Rural hospitals are more likely to close in states such as Missouri that have not expanded Medicaid.
A recent report from the pro-Affordable Care Act organization Protect Our Care analyzed 84 rural hospital closures since 2010. It found 90 percent of those hospital closures were in states that had not expanded Medicaid coverage. Missouri remains one of the 14 states that hasn’t amended its program to cover people who earn up to 138 percent above the poverty line.
The government health insurance program for low-income and disabled Americans covers one in four adults in rural areas, according to the Kaiser Family Foundation.
Rural hospitals serve disproportionately poorer, sicker and older populations than their urban counterparts. They also serve fewer patients, and their profit margins are low.
“Rural hospitals have been facing significant threats for a number of years,” said Marjorie Connelly, spokeswoman for Protect Our Care. “What we’re seeing in states that expanded Medicaid — uncompensated care costs are down and those hospitals are finding solvency.”
Whether patients are insured or not can make a big difference in profits, according to Brock Slabach, vice president of the National Rural Health Association. This is especially true in places where people are less likely to have private health insurance through an employer, he said.
“Most rural hospitals are funded through government payers, Medicare and Medicaid,” Slabach said. “In many facilities, that could amount for as much of 80 percent of total revenues.”
Because their patient volume is small, the slightest tweak to revenue can mean success or failure, Slabach said. Cuts in federal and state funding, population loss in rural areas and an increasing popularity of high-deductible health plans mean many hospitals outside cities have seen earnings drop.

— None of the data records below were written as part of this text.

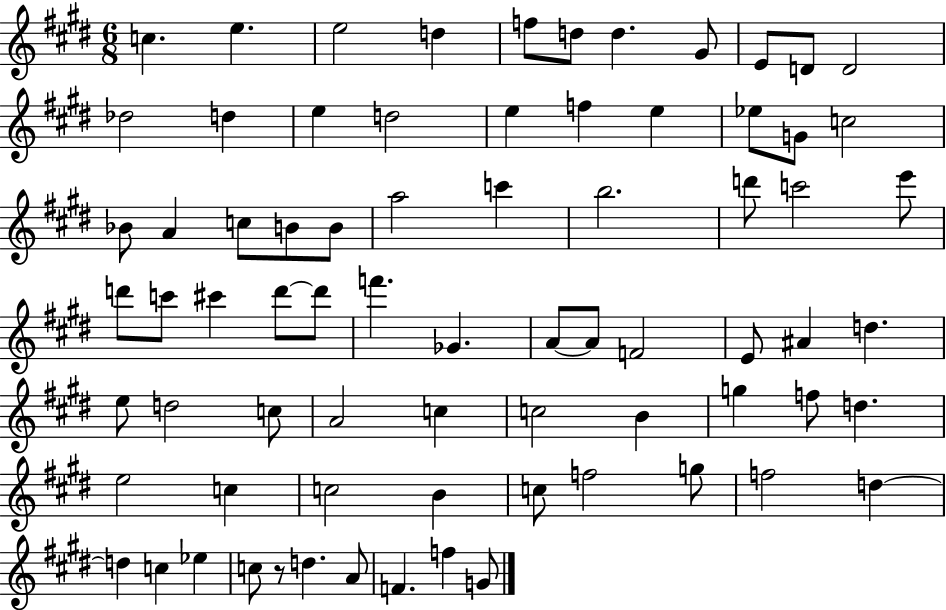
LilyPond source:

{
  \clef treble
  \numericTimeSignature
  \time 6/8
  \key e \major
  c''4. e''4. | e''2 d''4 | f''8 d''8 d''4. gis'8 | e'8 d'8 d'2 | \break des''2 d''4 | e''4 d''2 | e''4 f''4 e''4 | ees''8 g'8 c''2 | \break bes'8 a'4 c''8 b'8 b'8 | a''2 c'''4 | b''2. | d'''8 c'''2 e'''8 | \break d'''8 c'''8 cis'''4 d'''8~~ d'''8 | f'''4. ges'4. | a'8~~ a'8 f'2 | e'8 ais'4 d''4. | \break e''8 d''2 c''8 | a'2 c''4 | c''2 b'4 | g''4 f''8 d''4. | \break e''2 c''4 | c''2 b'4 | c''8 f''2 g''8 | f''2 d''4~~ | \break d''4 c''4 ees''4 | c''8 r8 d''4. a'8 | f'4. f''4 g'8 | \bar "|."
} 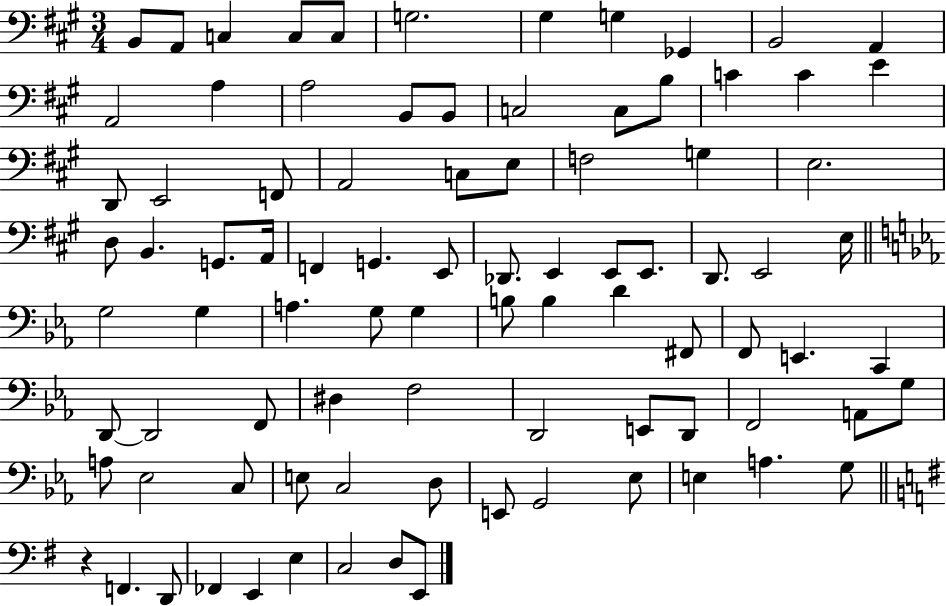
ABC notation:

X:1
T:Untitled
M:3/4
L:1/4
K:A
B,,/2 A,,/2 C, C,/2 C,/2 G,2 ^G, G, _G,, B,,2 A,, A,,2 A, A,2 B,,/2 B,,/2 C,2 C,/2 B,/2 C C E D,,/2 E,,2 F,,/2 A,,2 C,/2 E,/2 F,2 G, E,2 D,/2 B,, G,,/2 A,,/4 F,, G,, E,,/2 _D,,/2 E,, E,,/2 E,,/2 D,,/2 E,,2 E,/4 G,2 G, A, G,/2 G, B,/2 B, D ^F,,/2 F,,/2 E,, C,, D,,/2 D,,2 F,,/2 ^D, F,2 D,,2 E,,/2 D,,/2 F,,2 A,,/2 G,/2 A,/2 _E,2 C,/2 E,/2 C,2 D,/2 E,,/2 G,,2 _E,/2 E, A, G,/2 z F,, D,,/2 _F,, E,, E, C,2 D,/2 E,,/2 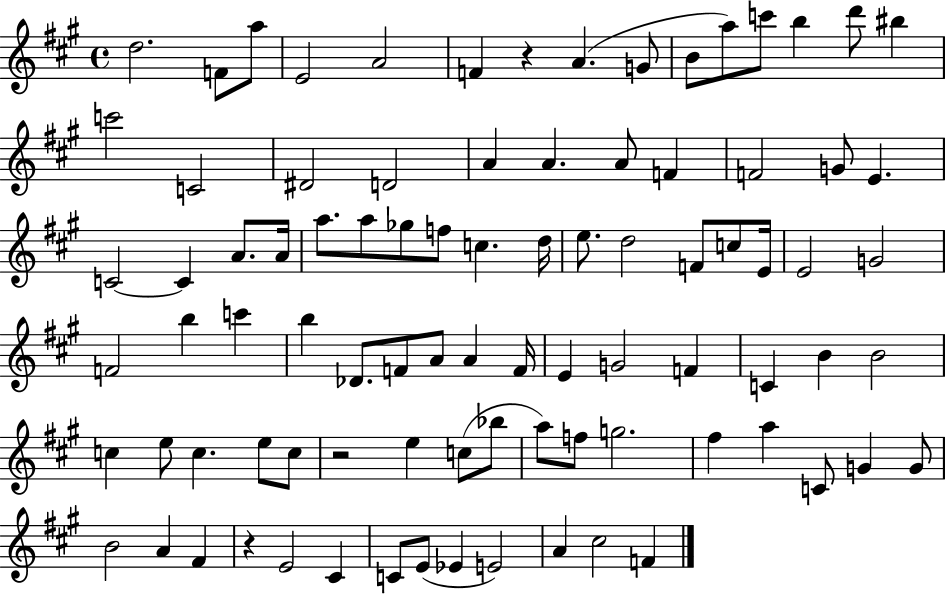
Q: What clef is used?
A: treble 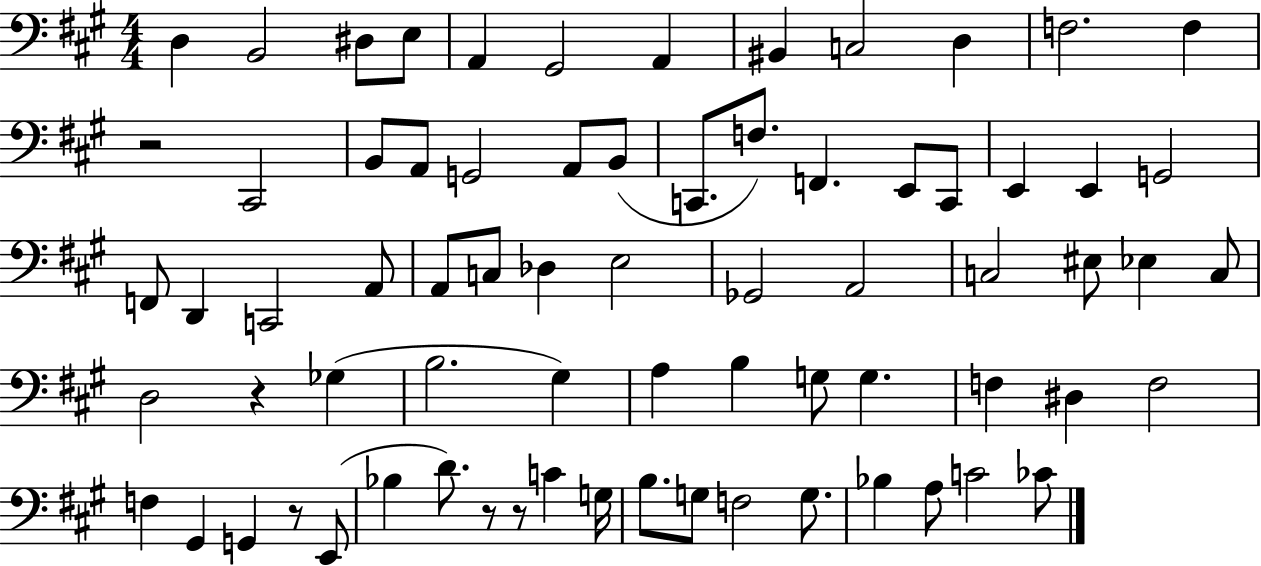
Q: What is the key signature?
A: A major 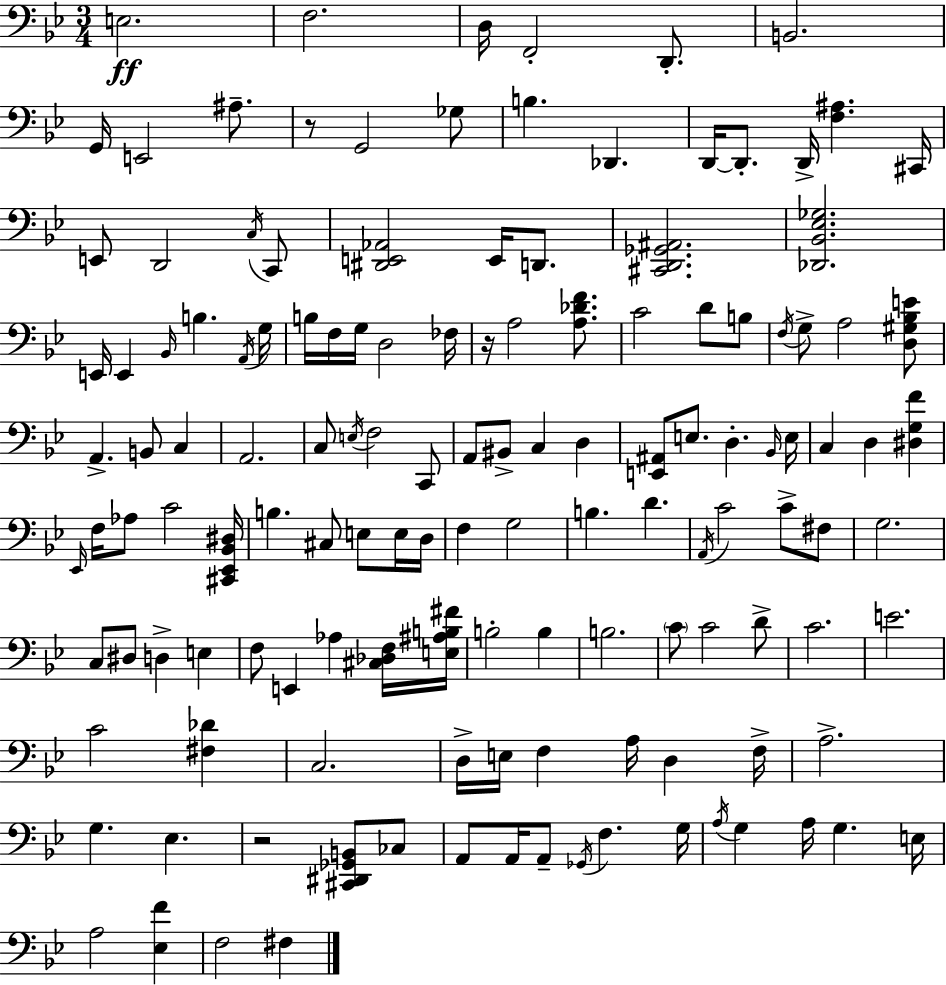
E3/h. F3/h. D3/s F2/h D2/e. B2/h. G2/s E2/h A#3/e. R/e G2/h Gb3/e B3/q. Db2/q. D2/s D2/e. D2/s [F3,A#3]/q. C#2/s E2/e D2/h C3/s C2/e [D#2,E2,Ab2]/h E2/s D2/e. [C#2,D2,Gb2,A#2]/h. [Db2,Bb2,Eb3,Gb3]/h. E2/s E2/q Bb2/s B3/q. A2/s G3/s B3/s F3/s G3/s D3/h FES3/s R/s A3/h [A3,Db4,F4]/e. C4/h D4/e B3/e F3/s G3/e A3/h [D3,G#3,Bb3,E4]/e A2/q. B2/e C3/q A2/h. C3/e E3/s F3/h C2/e A2/e BIS2/e C3/q D3/q [E2,A#2]/e E3/e. D3/q. Bb2/s E3/s C3/q D3/q [D#3,G3,F4]/q Eb2/s F3/s Ab3/e C4/h [C#2,Eb2,Bb2,D#3]/s B3/q. C#3/e E3/e E3/s D3/s F3/q G3/h B3/q. D4/q. A2/s C4/h C4/e F#3/e G3/h. C3/e D#3/e D3/q E3/q F3/e E2/q Ab3/q [C#3,Db3,F3]/s [E3,A#3,B3,F#4]/s B3/h B3/q B3/h. C4/e C4/h D4/e C4/h. E4/h. C4/h [F#3,Db4]/q C3/h. D3/s E3/s F3/q A3/s D3/q F3/s A3/h. G3/q. Eb3/q. R/h [C#2,D#2,Gb2,B2]/e CES3/e A2/e A2/s A2/e Gb2/s F3/q. G3/s A3/s G3/q A3/s G3/q. E3/s A3/h [Eb3,F4]/q F3/h F#3/q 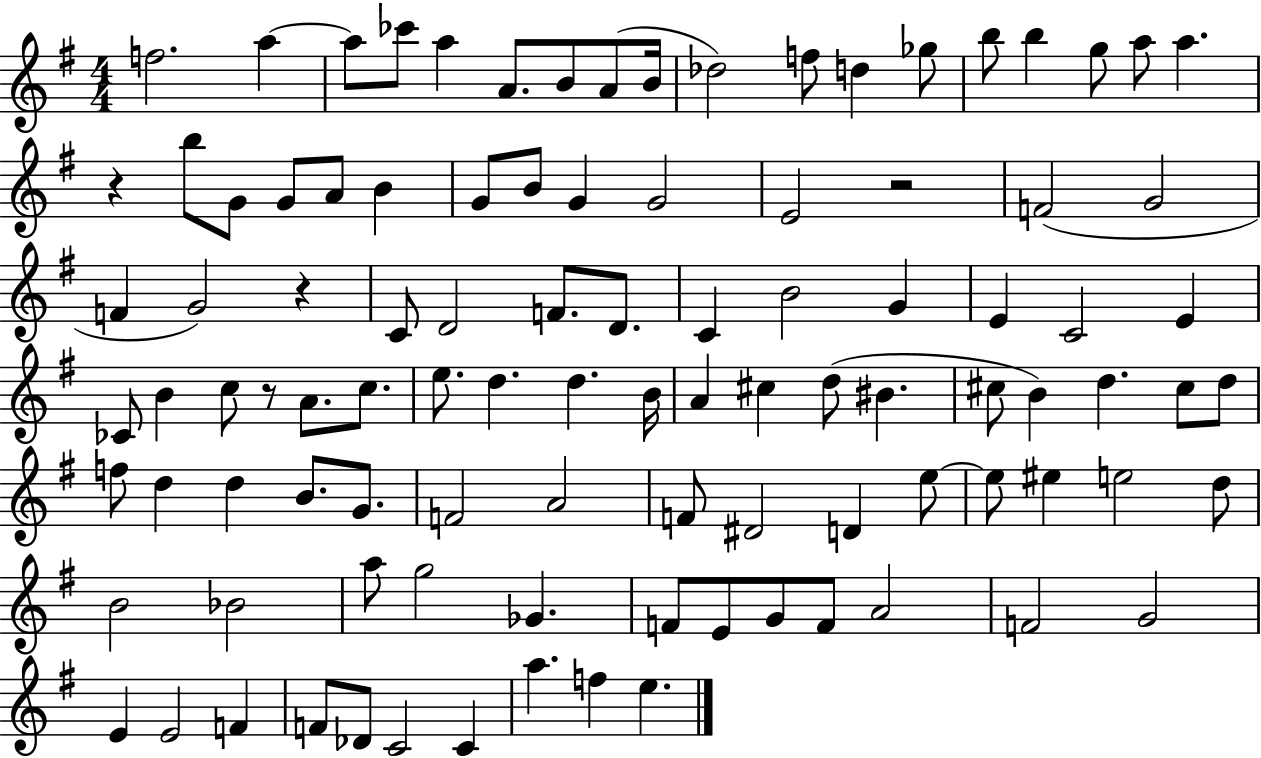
{
  \clef treble
  \numericTimeSignature
  \time 4/4
  \key g \major
  f''2. a''4~~ | a''8 ces'''8 a''4 a'8. b'8 a'8( b'16 | des''2) f''8 d''4 ges''8 | b''8 b''4 g''8 a''8 a''4. | \break r4 b''8 g'8 g'8 a'8 b'4 | g'8 b'8 g'4 g'2 | e'2 r2 | f'2( g'2 | \break f'4 g'2) r4 | c'8 d'2 f'8. d'8. | c'4 b'2 g'4 | e'4 c'2 e'4 | \break ces'8 b'4 c''8 r8 a'8. c''8. | e''8. d''4. d''4. b'16 | a'4 cis''4 d''8( bis'4. | cis''8 b'4) d''4. cis''8 d''8 | \break f''8 d''4 d''4 b'8. g'8. | f'2 a'2 | f'8 dis'2 d'4 e''8~~ | e''8 eis''4 e''2 d''8 | \break b'2 bes'2 | a''8 g''2 ges'4. | f'8 e'8 g'8 f'8 a'2 | f'2 g'2 | \break e'4 e'2 f'4 | f'8 des'8 c'2 c'4 | a''4. f''4 e''4. | \bar "|."
}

According to the rural health association, nearly 700 hospitals in the United States — one third of the total — are at risk of closing.
Medicaid expansion isn’t the sole reason a hospital will survive, but it can serve as a lifeline to otherwise vulnerable hospitals, said Tim McBride, co-director of the Center for Health Economics and Policy at Washington University.
“If they had the opportunity to make a little bit more on their Medicaid they might be able to stay open, but if they look forward and they say, ‘Oh, we’re not going to have a Medicaid expansion,’ their board might just say, ‘We need to shut down, we don’t see any way out of this.’”
Out of approximately 70 rural hospital In Missouri, four have closed since 2010. The most recent closure, Twin Rivers Medical Center in Kennett, was announced just last week.
The hospital in Missouri’s Bootheel ceased operations on June 11. Patients are being redirected to another hospital, Poplar Bluff Regional Medical Center, more than an hour away.
“A lot of the hospitals that closed had other problems and were in places that had economic problems and were struggling already,” McBride said. “If they’re in a place that hasn’t expanded Medicaid, that’s the final hit.”